Related papers: Inference-Time Chain-of-Thought Pruning with Latent Informativeness Signals

Inference-Time Chain-of-Thought Pruning with Latent Informativeness Signals

URL: http://arxiv.org/abs/2511.00699v2
Date: Tue, 04 Nov 2025 03:17:16 GMT
Title: Inference-Time Chain-of-Thought Pruning with Latent Informativeness Signals
Authors: Sophie Li, Nicholas Huang, Nayan Saxena, Nina Luo, Vincent Lin, Kevin Zhu, Sunishchal Dev,
Abstract summary: Self-Truncation Best-of-N (ST-BoN) mitigates this by truncating unpromising paths early.<n>We present KL-Adjusted Pruned Path Algorithm (KAPPA), an inference-time method that combines Kullback-Leibler divergence, confidence, and entropy into a principled scoring function.
Score: 6.5422130090856925
License: http://creativecommons.org/licenses/by/4.0/
Abstract: Large language models (LLMs) improve reasoning accuracy when generating multiple candidate solutions at test time, but standard methods like Best-of-N (BoN) incur high computational cost by fully generating all branches.
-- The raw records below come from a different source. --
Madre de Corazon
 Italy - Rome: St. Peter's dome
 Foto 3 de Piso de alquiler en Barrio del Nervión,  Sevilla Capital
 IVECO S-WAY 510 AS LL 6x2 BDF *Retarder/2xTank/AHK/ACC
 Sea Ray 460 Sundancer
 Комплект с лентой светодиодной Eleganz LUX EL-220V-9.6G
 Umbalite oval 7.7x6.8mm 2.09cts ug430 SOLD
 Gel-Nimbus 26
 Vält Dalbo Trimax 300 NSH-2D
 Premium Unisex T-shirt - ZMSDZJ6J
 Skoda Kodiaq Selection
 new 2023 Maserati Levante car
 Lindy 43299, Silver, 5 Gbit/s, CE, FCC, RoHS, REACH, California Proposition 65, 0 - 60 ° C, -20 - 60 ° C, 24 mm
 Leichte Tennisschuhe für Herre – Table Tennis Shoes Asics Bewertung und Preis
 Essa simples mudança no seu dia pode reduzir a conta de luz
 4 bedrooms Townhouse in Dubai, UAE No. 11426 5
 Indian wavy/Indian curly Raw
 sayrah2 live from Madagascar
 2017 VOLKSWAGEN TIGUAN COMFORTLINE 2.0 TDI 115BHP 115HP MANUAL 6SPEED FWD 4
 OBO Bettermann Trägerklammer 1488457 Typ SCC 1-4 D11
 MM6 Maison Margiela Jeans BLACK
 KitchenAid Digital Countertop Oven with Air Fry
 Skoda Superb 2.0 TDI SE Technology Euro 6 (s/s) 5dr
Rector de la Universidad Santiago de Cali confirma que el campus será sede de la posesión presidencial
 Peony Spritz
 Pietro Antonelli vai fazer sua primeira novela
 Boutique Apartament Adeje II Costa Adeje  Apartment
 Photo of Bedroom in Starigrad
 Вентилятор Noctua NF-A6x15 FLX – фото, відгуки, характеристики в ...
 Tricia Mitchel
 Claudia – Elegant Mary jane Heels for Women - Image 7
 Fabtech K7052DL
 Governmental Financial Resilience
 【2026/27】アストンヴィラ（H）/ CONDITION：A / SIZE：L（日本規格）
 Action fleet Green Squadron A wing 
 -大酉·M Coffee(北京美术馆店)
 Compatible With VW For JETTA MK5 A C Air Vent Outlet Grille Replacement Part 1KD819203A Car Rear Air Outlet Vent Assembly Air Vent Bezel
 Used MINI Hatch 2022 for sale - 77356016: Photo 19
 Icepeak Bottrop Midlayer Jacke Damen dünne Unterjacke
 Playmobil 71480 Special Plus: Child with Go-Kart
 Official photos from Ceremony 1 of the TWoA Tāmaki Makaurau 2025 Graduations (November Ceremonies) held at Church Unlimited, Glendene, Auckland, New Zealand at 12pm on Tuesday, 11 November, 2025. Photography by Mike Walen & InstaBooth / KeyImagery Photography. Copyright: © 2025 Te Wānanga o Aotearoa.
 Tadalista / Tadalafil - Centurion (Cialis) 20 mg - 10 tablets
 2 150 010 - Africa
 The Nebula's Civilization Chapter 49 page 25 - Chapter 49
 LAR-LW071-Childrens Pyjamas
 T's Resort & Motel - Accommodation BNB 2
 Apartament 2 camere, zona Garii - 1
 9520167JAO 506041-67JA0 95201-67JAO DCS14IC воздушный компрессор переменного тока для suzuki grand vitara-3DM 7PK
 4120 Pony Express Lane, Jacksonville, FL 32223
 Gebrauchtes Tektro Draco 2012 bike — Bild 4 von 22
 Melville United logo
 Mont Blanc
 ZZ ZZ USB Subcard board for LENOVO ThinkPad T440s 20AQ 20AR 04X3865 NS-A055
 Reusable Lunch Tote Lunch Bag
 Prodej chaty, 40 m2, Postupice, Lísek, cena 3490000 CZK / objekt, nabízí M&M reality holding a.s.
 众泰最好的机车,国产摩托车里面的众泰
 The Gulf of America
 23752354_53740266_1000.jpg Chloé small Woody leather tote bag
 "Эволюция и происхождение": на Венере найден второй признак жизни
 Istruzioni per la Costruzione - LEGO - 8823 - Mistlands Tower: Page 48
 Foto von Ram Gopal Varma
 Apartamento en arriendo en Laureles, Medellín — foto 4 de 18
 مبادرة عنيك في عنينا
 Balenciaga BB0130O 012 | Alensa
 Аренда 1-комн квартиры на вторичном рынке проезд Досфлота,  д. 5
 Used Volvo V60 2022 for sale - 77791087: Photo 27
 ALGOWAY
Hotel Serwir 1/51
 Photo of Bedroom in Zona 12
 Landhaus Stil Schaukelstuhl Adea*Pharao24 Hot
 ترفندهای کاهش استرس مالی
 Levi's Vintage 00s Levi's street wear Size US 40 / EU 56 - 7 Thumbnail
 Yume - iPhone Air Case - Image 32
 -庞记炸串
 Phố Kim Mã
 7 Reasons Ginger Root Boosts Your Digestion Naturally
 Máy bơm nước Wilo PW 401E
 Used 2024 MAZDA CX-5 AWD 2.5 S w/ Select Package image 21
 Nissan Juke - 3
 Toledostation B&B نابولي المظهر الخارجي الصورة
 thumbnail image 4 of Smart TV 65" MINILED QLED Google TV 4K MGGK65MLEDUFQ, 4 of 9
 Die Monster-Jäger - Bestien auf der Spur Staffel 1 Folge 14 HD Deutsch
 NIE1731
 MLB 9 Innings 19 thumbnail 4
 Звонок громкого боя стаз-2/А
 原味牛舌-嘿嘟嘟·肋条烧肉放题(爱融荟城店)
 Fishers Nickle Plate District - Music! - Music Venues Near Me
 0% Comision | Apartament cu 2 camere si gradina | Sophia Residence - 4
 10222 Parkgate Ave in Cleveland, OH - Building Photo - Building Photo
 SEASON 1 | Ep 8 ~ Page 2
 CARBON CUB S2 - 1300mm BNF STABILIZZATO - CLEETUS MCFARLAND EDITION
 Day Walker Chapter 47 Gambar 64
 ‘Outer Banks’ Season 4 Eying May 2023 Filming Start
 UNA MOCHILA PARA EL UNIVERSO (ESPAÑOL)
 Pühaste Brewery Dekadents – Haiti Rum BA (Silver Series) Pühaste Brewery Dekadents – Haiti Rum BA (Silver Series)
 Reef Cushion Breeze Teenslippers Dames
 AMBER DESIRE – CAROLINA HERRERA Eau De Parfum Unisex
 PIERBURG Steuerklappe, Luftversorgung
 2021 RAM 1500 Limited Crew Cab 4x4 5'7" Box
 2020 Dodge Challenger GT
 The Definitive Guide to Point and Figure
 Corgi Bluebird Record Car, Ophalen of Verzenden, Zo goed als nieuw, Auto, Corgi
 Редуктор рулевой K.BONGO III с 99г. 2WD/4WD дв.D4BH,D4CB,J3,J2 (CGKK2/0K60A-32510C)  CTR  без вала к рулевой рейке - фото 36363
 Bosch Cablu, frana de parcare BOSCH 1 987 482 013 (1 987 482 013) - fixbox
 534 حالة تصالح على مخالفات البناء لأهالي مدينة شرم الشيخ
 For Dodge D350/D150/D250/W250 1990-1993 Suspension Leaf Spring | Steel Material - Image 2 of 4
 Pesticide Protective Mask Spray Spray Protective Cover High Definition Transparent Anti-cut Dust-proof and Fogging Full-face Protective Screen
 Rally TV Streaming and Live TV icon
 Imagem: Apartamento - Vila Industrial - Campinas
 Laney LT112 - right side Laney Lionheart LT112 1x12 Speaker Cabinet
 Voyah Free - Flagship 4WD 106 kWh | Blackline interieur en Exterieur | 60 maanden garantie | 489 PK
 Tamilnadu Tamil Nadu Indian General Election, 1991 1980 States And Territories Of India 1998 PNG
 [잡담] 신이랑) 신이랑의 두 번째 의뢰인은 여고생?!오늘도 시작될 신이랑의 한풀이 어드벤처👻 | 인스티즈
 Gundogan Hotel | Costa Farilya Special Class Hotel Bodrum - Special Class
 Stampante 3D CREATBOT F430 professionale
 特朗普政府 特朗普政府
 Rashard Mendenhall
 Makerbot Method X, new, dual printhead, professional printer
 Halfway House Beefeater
Self-Truncation Best-of-N (ST-BoN) mitigates this by truncating unpromising paths early, but its reliance on consistency-based heuristics is a limitation as it does not directly evaluate branch quality. We present KL-Adjusted Pruned Path Algorithm (KAPPA), an inference-time method that combines Kullback-Leibler divergence, confidence, and entropy into a principled scoring function to guide progressive pruning. By promoting diversity during exploration and selectively eliminating low-scoring branches, KAPPA maintains accuracy while substantially reducing memory and token usage. Experiments on GSM8K and MATH500 with DeepSeek-R1-Distill-Qwen-1.5B and Qwen2.5-7B-Instruct demonstrate that KAPPA stabilizes performance in smaller models and achieves up to ~60% reduction in peak memory and ~90% reduction in total token generation relative to BoN, with minimal impact on accuracy.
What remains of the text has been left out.